So we have a model of particle physics, and therefore we have a Lagrangian. We are moreover interested in many collider processes. How can we relate the probabilities and the rates associated with these processes (which consist of the information relevant for a particle collider experiment) to the Lagrangian?

This answer originates from the concept of Feynman rules, as well as to the calculation of very highly-dimensional integrals. I skip any detail here, as this could become quite cumbersome. At the end of the day, what matters is that regardless of the process of interest, there are well-defined quantum field theory recipes that can be followed. Having recipes means that we can teach a computer how to do this systematically (and correctly).

This has been done, and the resulting computer codes (yes we even have several of them) are used on a daily basis by physicists from all over the world. An example of such a code is MadGraph5_aMC@NLO. In this code, users input details about their favourite collider, particle physics model and process of interest through a human-friendly Python interface.

[Credits: Edward Tufte (Twitter)]

The rest is automated. This means that anyone could run this code. Me, my son or even my bachelor students who don’t not know much about particle physics yet. What is needed to be known is the final state that we are interested in producing in a collider experiment, for a given particle physics model. That’s all. Really!

Obviously, this can be done only because the code has been carefully validated against tons of non-automated calculations and results coming from the hard work of many generations of physicists. This is however how progress is built. We move on from bases established by others to reach new summits.

By running these simulation code, we end up in a few minutes with predictions for the production rate of the process considered, but also with thousands of simulated collisions related to this process. The latter is a bonus coming from the implemented numerical adaptive integration procedure. This is a Monte Carlo integration procedure, that is the only way to solve a highly-dimensional integral numerically.

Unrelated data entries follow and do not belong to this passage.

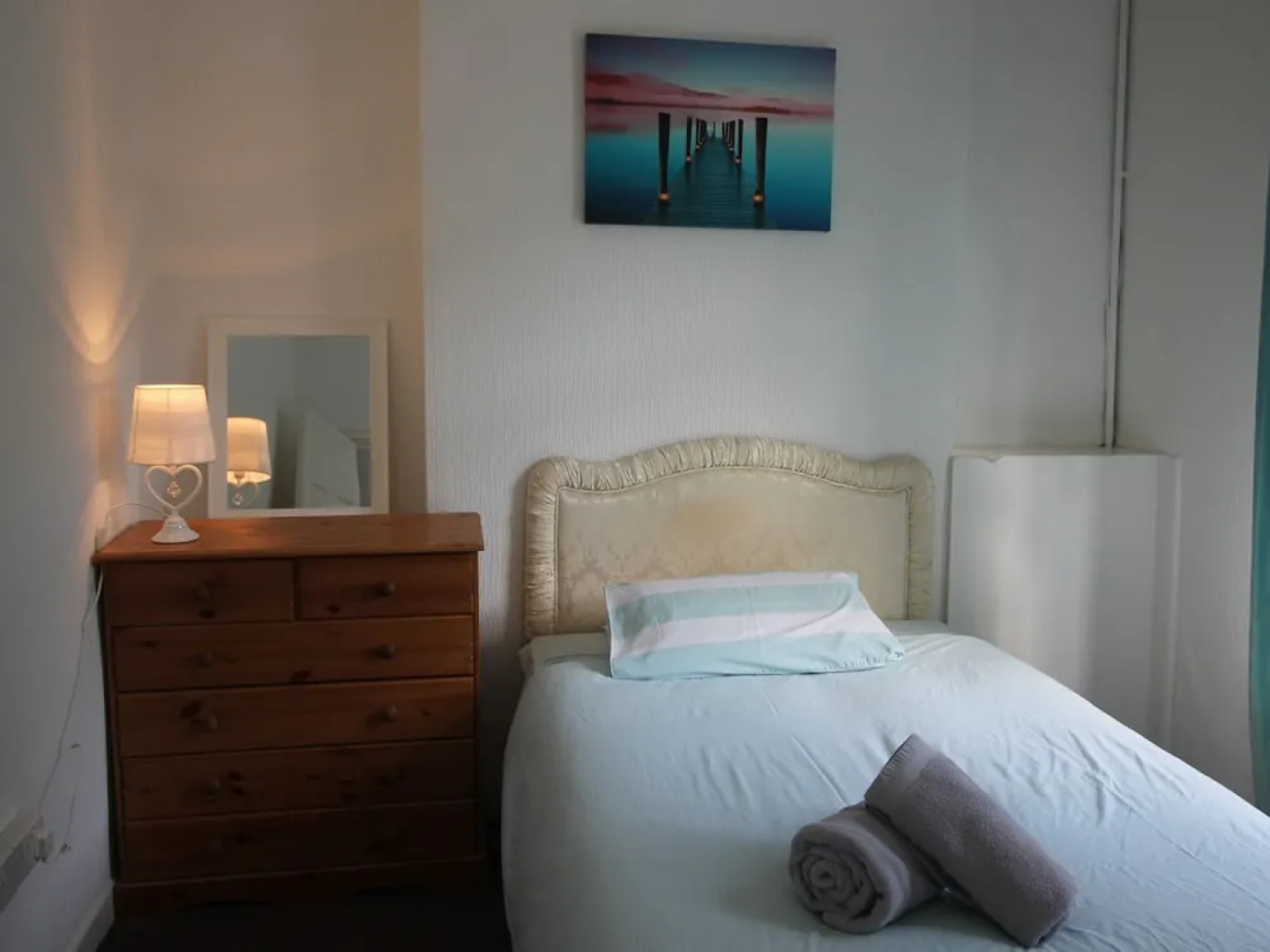 Rickard Street 4 Bed House Near J32 and M4 by Cardiff Holiday Homes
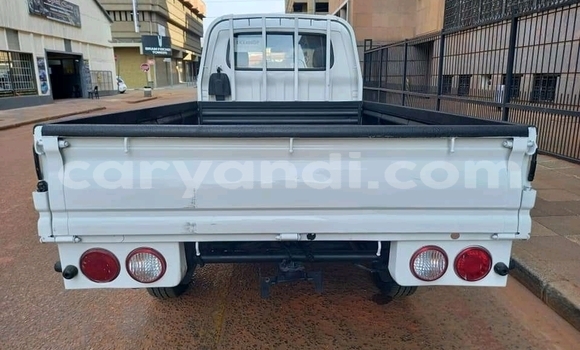 Buy Used Kia K3 White Car in Chinsali in Northern Buy Used Kia K3 White Car in Chinsali in Northern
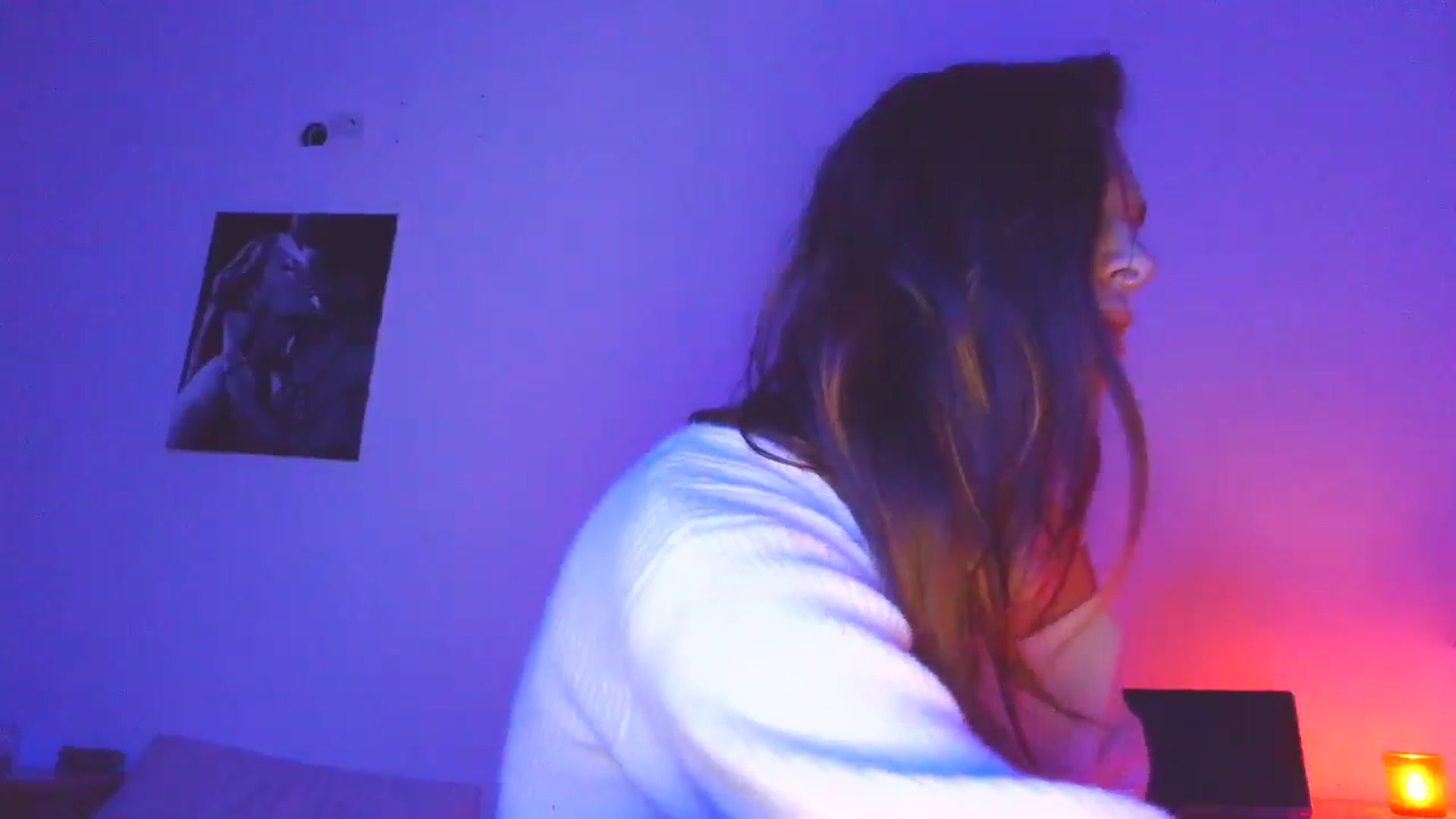 Gallery image thumbnail from HaleyReed's myfreecams stream on, 10/27/2025, 15:07 image 17 of 20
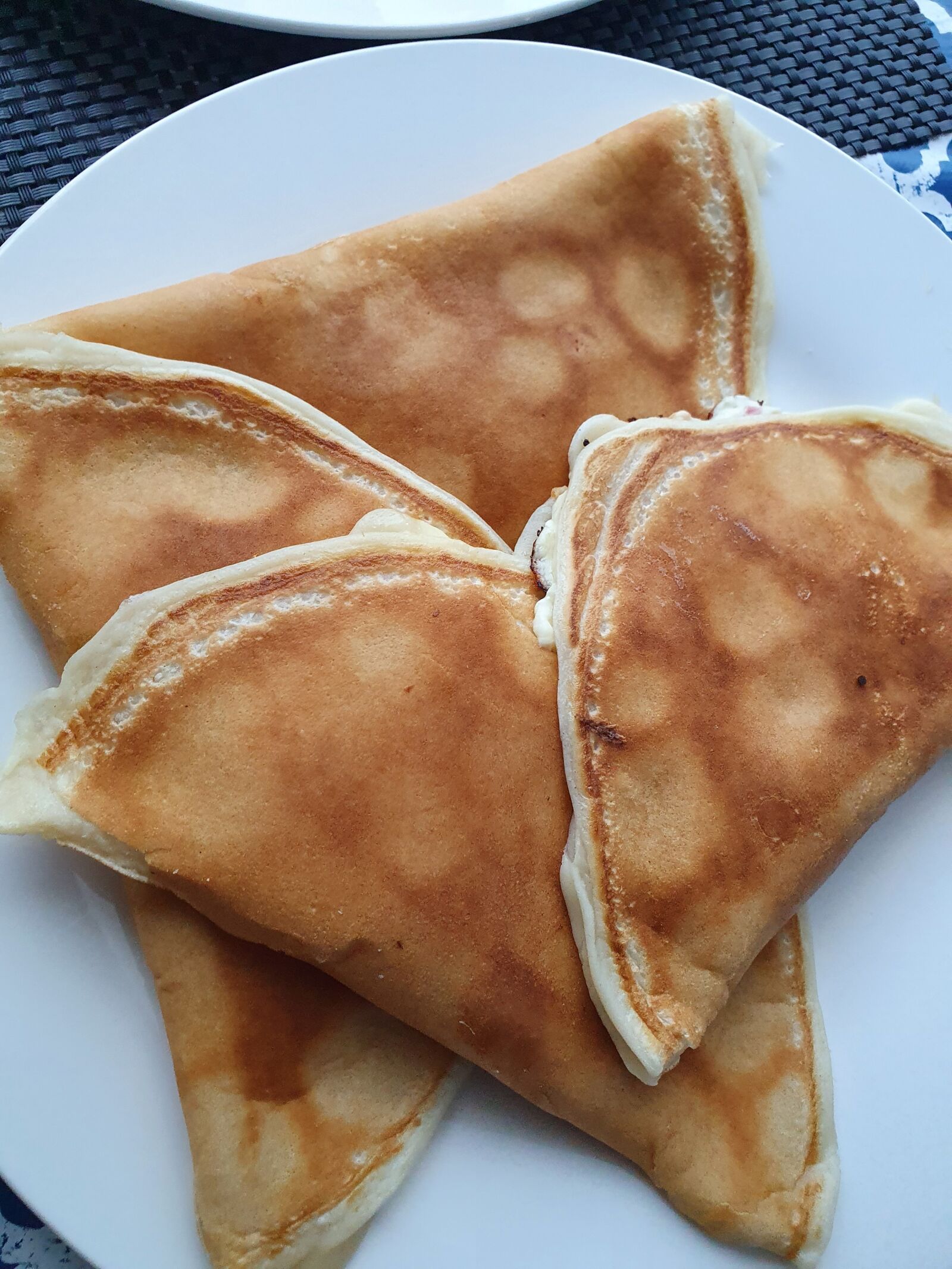Samsung Galaxy S10 sample photo. Filled pancakes, meat, ham photography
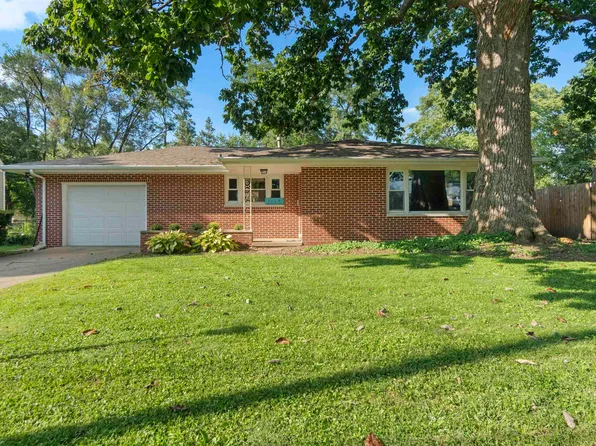 1119 E Melbourne Ave, Peoria, IL 61603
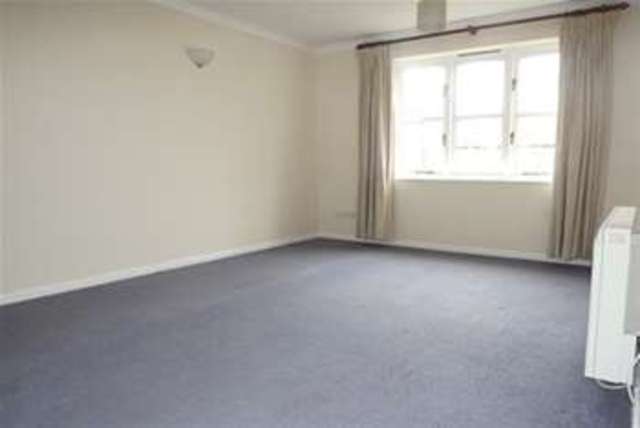  Image of 2 bedroom Flat to rent in Anglian Close Watford WD24 at Watford, WD24 4RF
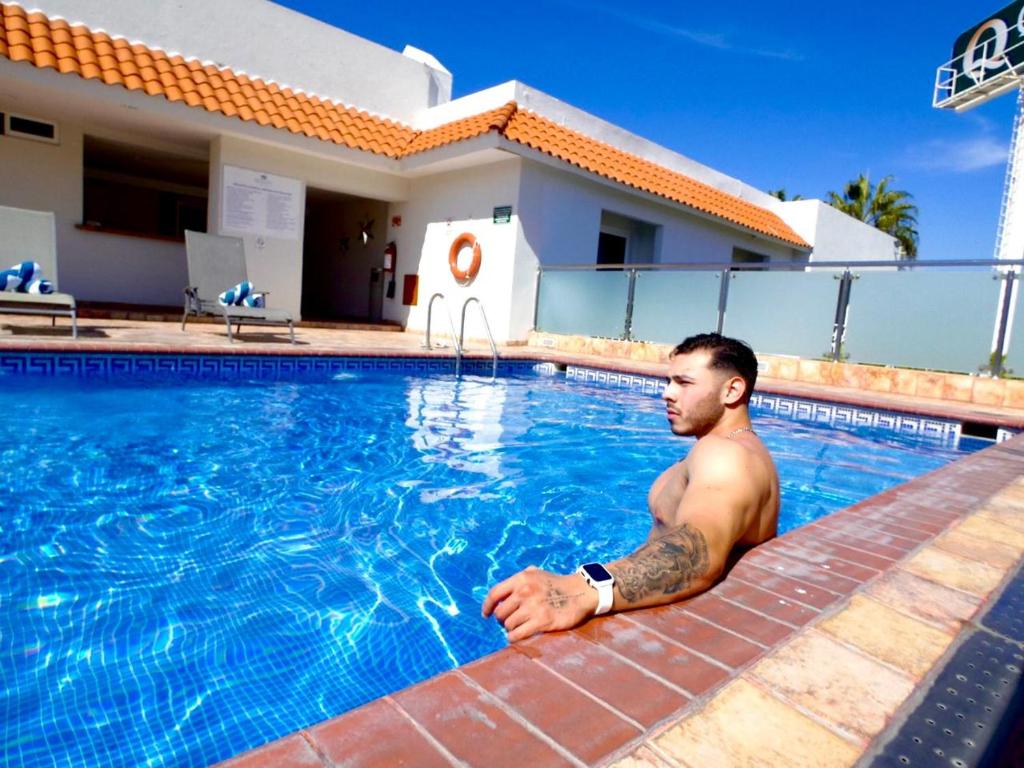 Bazén v ubytování Quality Inn Mazatlan nebo v jeho okolí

In practice, it explores all configurations of the final state and assesses which ones are the most probable ones and which ones the rarest. We can then extract simulated collisions with configurations occurring in a satisfactory manner related to their level of rarity, or in other words as they occur in nature.

Summary: particle physics simulations on regular computers

In this blog, I started to discuss how particle collisions as happening in colliders such as the Large Hadron Collider at CERN work. I wrote ‘started’ as there is in fact much more to write on this topic, which is left for a future blog. Thanks to very energetic electric and magnetic fields, protons can be accelerated to very high speeds. And by high speed, we actually mean it. At the LHC, they reach 99.99999986% the speed of light. A world record!

When two of such accelerated protons collide, the reaction occurs at the level of their constituents (fundamental particles called quarks, antiquarks and gluons). Thanks to special relativity, the energy in the process can be converted into mass energy, and thus possibly yield the production of new particles beyond the Standard Model.

As a theorist, it is important to be able to calculate the production rates of those new processes, and to simulate collisions as they would occur in nature. This relies on possibly complex quantum field theory calculations. However, there are ways to automate them so that they become fully transparent to anyone. We did this and have taught quantum field theory recipes once and for all to various public computer codes.

In this way, users (who could be physicists or anyone, like my teenager son) only need to provide information about the particle physics model and process of interest. The code then deals with the rest, and in particular with the quantum field theory part. In other words, anyone could investigate any process of any model and see what would be the impact on present and future LHC data by means of easy-made computer simulations.

What I have not said is how this simple picture is getting messy by virtue of the strong interaction. This story will however be the topic of a next blog.

For now, I hope you enjoyed reading this post. On my side, it was quite a good fun to write. Please don’t hesitate to ask questions or provide comments. Feel also free to give some insight on setting up a stage for a community-based participatory research on Hive. I am wondering how doing so would be perceived…

See you next week for the next episode!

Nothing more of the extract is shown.